JAR's exploration of TimBL's notion of information resource from Jonathan Rees on 2009-05-13 (public-awwsw@w3.org from May 2009)

From: Jonathan Rees <jar@creativecommons.org>
Date: Wed, 13 May 2009 10:34:33 -0400
To: AWWSW TF <public-awwsw@w3.org>
Message-ID: <760bcb2a0905130734j7099560cxa098ff8e610c643c@mail.gmail.com>
JAR's exploration of TimBL's notion of information resource.

[The below does not constitute an endorsement of any particular theory
of generic resources or information resources - especially not the one
described herein.]

Terminology / notation:
  generic-resource = GR = 'information resource' in Tim's sense [1] as
    JAR currently understands it
  wa-representation = 'representation' in the REST or web architecture
    (AWWW) sense (NOT in the Xiaoshu or plain-English sense that
    permits, say, a rock, or a citizen, to be represented)

  G = some generic resource
  Z = a multidimensional parameter space
    (e.g. time * language * content-type * user-agent)
  P = a point in Z

So far all we know formally is that there is a 3-way relation

  G has wa-representation R at point P

That is, for each P = tuple of parameter values, there is a set
(possibly empty, or quite large) of wa-representations with the
property that they are wa-representations of G for the parameters P.

We can derive other relations from this one, e.g.

  G has wa-representation R at time t

meaning G has wa-representation R for some P with P.time = t.

I define the *trace* of G to be the function mapping each point P in Z
to the set of wa-representations (possibly empty) that G has at P.

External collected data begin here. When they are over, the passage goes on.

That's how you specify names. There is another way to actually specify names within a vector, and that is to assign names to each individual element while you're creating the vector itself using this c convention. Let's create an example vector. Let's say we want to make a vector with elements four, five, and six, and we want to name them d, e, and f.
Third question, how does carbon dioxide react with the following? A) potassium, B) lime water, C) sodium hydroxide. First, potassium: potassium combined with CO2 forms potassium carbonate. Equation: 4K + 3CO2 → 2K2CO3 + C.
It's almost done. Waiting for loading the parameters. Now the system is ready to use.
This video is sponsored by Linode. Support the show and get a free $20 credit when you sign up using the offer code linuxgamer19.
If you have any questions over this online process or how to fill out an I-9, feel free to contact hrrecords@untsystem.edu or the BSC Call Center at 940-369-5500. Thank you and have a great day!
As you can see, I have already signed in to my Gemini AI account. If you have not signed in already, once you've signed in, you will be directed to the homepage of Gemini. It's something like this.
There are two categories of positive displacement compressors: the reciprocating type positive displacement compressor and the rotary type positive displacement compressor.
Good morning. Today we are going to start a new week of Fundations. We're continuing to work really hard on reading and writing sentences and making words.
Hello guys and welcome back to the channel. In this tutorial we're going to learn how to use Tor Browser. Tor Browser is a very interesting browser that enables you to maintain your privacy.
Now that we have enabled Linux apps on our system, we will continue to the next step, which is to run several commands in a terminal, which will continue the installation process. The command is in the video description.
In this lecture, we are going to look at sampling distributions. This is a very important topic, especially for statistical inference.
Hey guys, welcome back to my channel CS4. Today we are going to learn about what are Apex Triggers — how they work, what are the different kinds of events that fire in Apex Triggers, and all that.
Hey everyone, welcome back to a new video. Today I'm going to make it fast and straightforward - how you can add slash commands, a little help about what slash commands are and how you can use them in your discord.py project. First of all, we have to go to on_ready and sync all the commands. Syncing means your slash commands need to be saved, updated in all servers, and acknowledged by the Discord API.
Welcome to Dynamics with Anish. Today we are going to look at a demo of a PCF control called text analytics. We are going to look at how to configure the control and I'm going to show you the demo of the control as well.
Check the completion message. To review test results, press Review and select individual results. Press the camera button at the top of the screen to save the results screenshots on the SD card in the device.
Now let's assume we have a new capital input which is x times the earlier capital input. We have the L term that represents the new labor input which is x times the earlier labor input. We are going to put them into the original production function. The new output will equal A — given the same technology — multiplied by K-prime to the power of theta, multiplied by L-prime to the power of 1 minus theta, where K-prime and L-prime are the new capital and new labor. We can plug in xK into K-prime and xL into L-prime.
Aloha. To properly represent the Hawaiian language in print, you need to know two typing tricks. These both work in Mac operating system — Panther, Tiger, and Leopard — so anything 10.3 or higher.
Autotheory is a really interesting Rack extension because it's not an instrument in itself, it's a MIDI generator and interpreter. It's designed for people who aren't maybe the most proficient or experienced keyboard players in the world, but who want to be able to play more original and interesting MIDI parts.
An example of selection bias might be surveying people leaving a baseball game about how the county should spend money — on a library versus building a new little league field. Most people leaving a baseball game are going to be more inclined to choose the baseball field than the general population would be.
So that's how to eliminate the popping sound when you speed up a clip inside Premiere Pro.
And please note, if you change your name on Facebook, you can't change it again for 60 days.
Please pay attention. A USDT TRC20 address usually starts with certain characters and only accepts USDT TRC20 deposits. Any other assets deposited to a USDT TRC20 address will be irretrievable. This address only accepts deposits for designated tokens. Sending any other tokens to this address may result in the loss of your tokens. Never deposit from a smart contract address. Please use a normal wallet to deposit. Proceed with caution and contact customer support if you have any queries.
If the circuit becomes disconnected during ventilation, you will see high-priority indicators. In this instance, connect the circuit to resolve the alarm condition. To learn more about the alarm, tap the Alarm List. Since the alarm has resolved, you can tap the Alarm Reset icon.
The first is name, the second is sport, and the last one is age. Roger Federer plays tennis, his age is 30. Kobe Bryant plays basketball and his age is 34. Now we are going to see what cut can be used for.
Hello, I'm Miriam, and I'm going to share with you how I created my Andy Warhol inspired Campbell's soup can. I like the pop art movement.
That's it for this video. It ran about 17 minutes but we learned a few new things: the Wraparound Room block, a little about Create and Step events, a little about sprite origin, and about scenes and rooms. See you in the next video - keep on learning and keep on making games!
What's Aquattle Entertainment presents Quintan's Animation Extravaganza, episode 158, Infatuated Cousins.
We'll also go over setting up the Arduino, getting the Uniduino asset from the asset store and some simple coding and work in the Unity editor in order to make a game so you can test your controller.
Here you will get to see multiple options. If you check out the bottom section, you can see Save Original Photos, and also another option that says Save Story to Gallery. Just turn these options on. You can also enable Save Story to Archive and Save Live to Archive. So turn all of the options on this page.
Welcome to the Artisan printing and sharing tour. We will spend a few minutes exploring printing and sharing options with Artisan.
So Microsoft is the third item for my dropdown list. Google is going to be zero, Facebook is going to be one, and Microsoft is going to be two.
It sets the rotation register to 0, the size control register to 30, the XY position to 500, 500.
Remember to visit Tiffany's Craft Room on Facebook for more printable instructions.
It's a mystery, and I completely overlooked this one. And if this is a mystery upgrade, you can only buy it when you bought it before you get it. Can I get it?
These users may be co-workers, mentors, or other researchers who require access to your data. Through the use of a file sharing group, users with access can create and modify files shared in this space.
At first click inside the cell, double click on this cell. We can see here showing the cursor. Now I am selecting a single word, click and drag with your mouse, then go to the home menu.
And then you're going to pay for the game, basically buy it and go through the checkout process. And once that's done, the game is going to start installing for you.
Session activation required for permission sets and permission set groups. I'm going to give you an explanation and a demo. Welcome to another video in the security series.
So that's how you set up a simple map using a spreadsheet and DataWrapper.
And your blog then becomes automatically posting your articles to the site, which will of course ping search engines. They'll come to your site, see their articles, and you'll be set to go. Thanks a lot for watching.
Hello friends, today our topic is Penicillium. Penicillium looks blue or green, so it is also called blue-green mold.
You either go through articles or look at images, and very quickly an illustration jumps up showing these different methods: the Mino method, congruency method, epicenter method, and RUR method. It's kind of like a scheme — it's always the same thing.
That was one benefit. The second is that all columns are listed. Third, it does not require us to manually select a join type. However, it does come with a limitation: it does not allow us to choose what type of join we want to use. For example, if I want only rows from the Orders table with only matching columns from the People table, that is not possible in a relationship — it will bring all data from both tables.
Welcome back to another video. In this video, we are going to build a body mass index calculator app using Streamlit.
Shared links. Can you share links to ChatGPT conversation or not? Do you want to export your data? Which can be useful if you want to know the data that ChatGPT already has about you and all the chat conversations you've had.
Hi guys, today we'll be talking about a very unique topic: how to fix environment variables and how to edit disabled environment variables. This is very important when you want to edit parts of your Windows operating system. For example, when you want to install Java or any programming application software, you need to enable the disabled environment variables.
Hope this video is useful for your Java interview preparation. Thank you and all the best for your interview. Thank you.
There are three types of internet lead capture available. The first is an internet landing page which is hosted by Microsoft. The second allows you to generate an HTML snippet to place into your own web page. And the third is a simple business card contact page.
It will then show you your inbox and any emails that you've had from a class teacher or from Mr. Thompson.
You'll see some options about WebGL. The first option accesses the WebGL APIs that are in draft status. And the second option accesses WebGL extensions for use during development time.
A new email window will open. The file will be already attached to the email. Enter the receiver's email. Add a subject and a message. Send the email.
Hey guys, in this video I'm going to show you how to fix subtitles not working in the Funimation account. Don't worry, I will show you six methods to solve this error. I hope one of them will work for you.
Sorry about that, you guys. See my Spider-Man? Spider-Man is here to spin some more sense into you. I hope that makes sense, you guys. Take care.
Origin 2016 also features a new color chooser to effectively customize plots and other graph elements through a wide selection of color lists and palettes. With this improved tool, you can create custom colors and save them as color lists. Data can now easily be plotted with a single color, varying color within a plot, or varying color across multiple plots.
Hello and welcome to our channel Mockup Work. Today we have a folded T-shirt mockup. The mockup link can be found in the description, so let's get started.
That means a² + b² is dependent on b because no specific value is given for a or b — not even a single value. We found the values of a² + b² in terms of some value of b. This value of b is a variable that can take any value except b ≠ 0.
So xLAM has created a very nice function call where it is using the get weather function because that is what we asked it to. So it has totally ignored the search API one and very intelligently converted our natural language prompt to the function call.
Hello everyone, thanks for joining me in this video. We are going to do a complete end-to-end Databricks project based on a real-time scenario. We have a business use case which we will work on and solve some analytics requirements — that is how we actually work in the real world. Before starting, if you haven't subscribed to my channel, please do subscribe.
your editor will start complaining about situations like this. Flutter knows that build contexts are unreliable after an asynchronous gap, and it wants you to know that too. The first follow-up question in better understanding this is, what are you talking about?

If the parameter space Z is one-dimensional consisting only of time,
we get the formal model of Roy's thesis: a REST resource G is formally
[modeled as] a function from time to the set of its wa-representations
at that time.

If the parameter space is Z has two dimensions (time, HTTP GET
request), AND every set in the image of the trace has at most one
element, then the resulting class of traces coincides with David's
FTRR definition.  (So I would say the FTRR is the *trace* of some GR,
not that it *models* the GR, because it might or might not depending
on what one wants to use the model for.)  (I assume David means for an
FTRR to be partial - you don't *have* to have a wa-representation for
every request and time.)

In Tim's theory we know that Z has at least three axes (time,
language, content-type), maybe more (user-agent, authorization,
Russell 2000 index).  We know that a wa-representation can belong to
the trace of more than one GR, and that a GR can have, at one point P,
more than one wa-representation (as would e.g. Moby Dick).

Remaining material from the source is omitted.